A co-owner of a copyrighted work sues for infringement of the work. The court holds that the defendant had been granted a license by another co-owner, not a party, and therefore there was no infringement. The non-party co-owner then sues for copyright infringement in a new suit. Collateral estoppel or not?
“Not,” according to the District Court for the Central District of California. To distill it down a bit, the “Crump plaintiffs” and Dwayne Michael Carter, Jr. (Lil Wayne) were the co-owners of the copyrights in the songs in dispute, which had been used in a documentary film about Carter. Carter was not a party to the first suit (the New York suit) but later brought his own suit for copyright infringement against various parties including Joshua Krause, who worked on the film but was also not a party in the first suit. Krause claimed that the decision in the Crump case precluded the infringement claim in the second suit.
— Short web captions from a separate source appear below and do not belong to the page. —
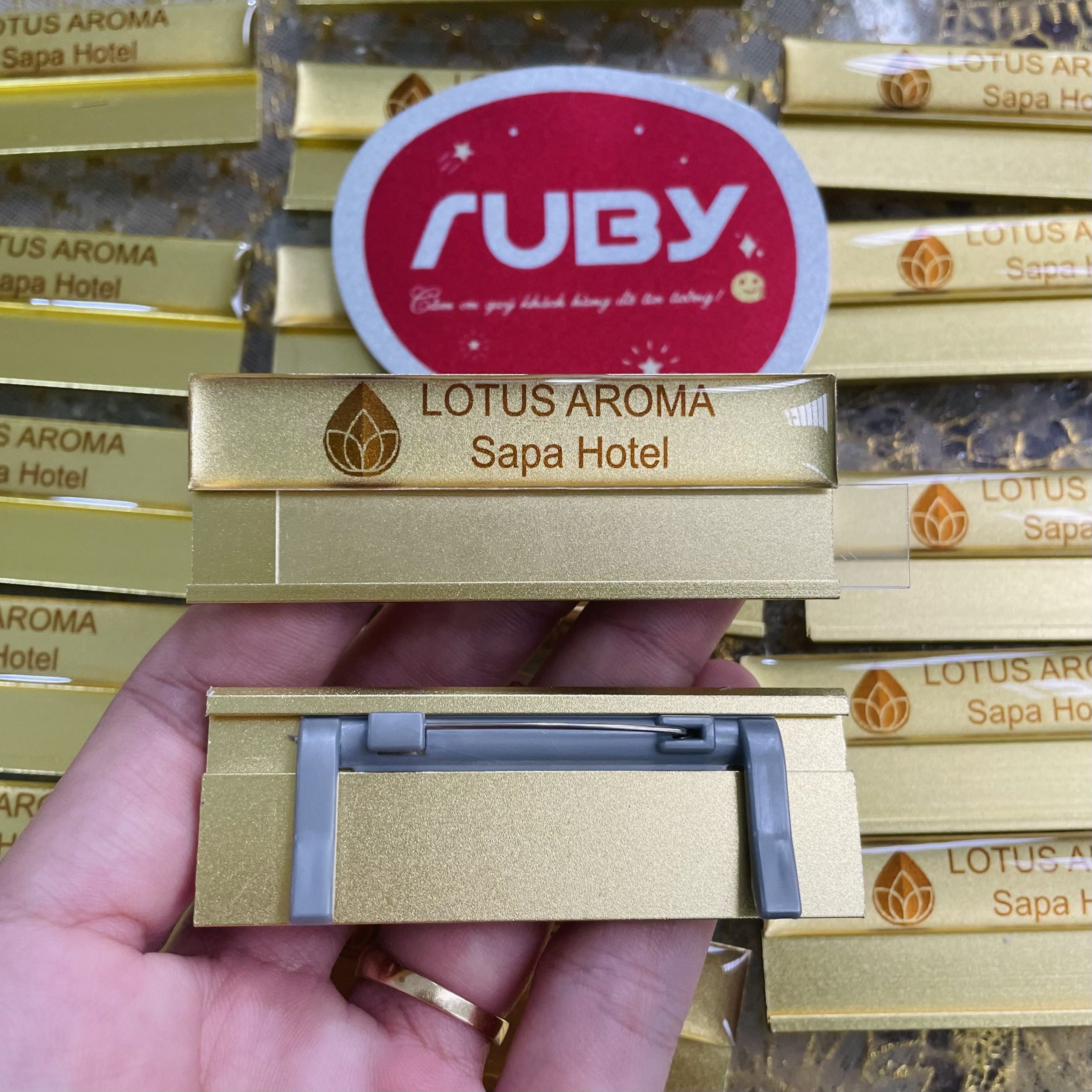 Bảng tên kim loại phủ keo epoxy Lotus Aroma Sapa Hotel gắn ghim cài.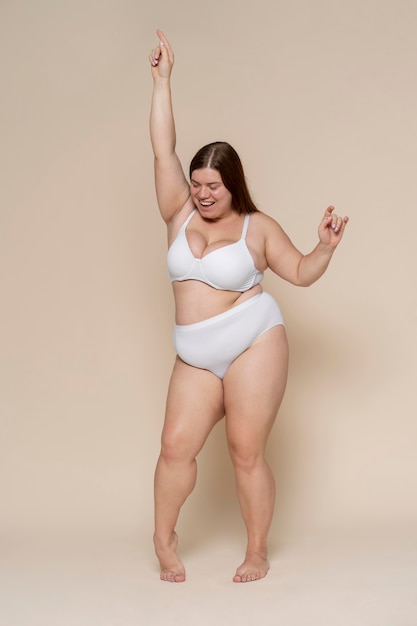 Woman posing in underwear full shot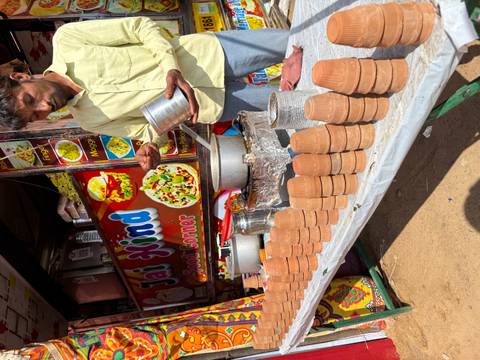 Vendor selling traditional clay cups at a food stall.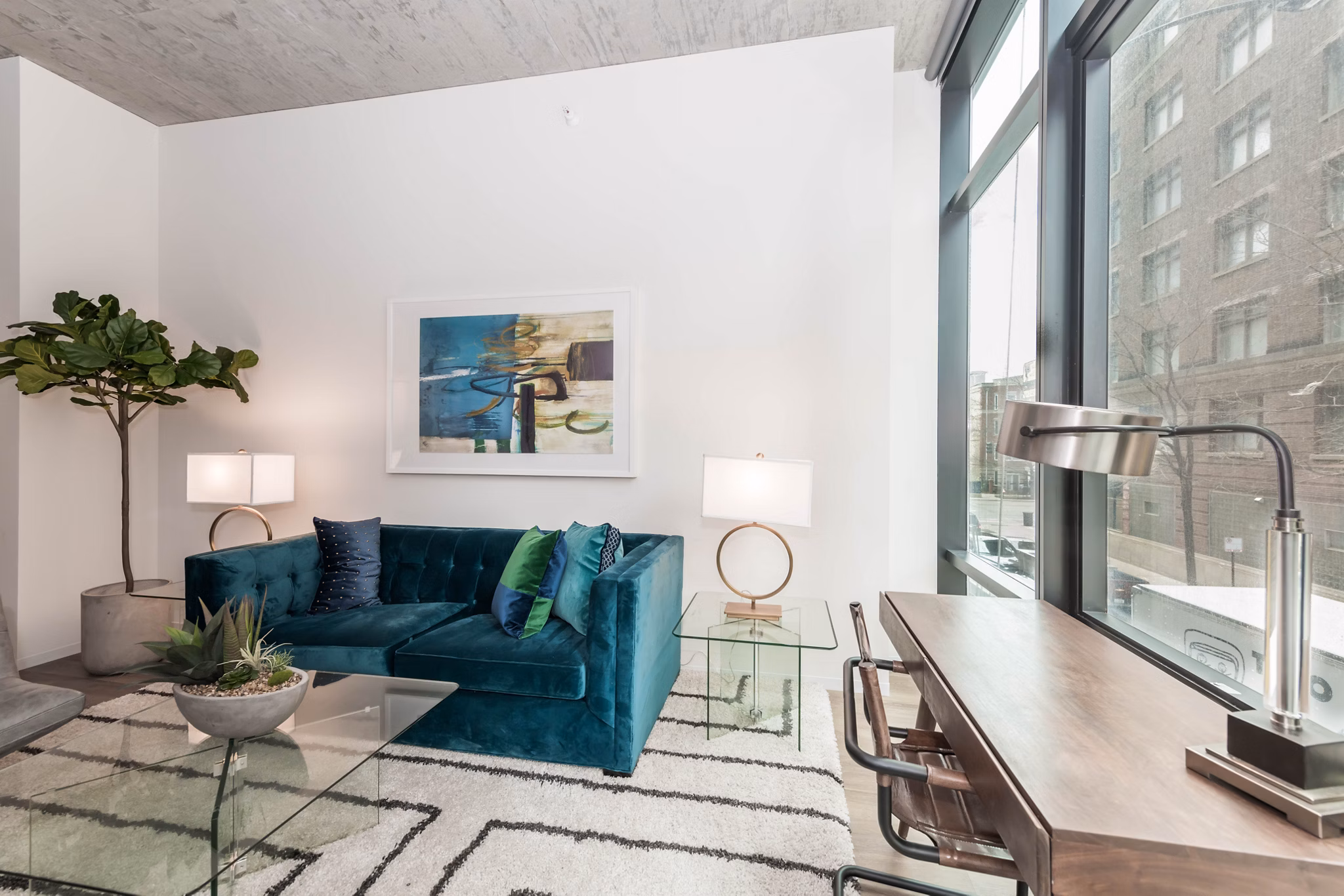 Spacious living room with modern decor at Coeval Apartments featuring luxury amenities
First a review of collateral estoppel:
|Collateral estoppel precludes the retrying of an issue previously determined by a “valid and final judgment.” The doctrine of collateral estoppel both “protect[s] litigants from the burden of relitigating an identical issue with the same party or his privy and promot[es] judicial economy.”When applying collateral estoppel to cases arising under California or federal law, courts must find that (1) the issue decided in the previous proceeding is identical to the current issue; (2) there was final judgment on the merits in the first proceeding; and (3) the party seeking to relitigate the issue was a party or privy to the first proceeding.|
The question was whether Carter was privy to the New York suit. The court described six circumstances by which a non-party might be bound by a prior decision:
|(1) a nonparty agrees to be bound by the determination of issues in another proceeding; (2) a substantive legal relationship exists, binding the parties (traditional privity); (3) adequate representation by a party to the suit holding the same interests as a nonparty; (4) a nonparty assumes control of the litigation in which that judgment was rendered; (5) a nonparty to previous litigation brings suit as “the designated representative” of a party to the prior action; or (6) a special statutory scheme “expressly foreclos[es] successive litigation by nonlitigants.”|
Here, Krause argued that the co-ownership created traditional privity between Carter and the Crump plaintiffs, but the court disagreed. It was a question of first impression, so the court looked to Davis v. Blige for guidance. Davis v. Blige is a Second Circuit case which held that a settling co-owner could not retroactively grant a license and extinguish claims by non-settling co-owners. Similarly here, the court held that applying collateral estoppel would “effectively allow one co-owner to rob another co-owner’s own right to sue for an accrued cause of action by being the first to the courthouse steps.” Krause’s claim under circumstance (3) above also failed.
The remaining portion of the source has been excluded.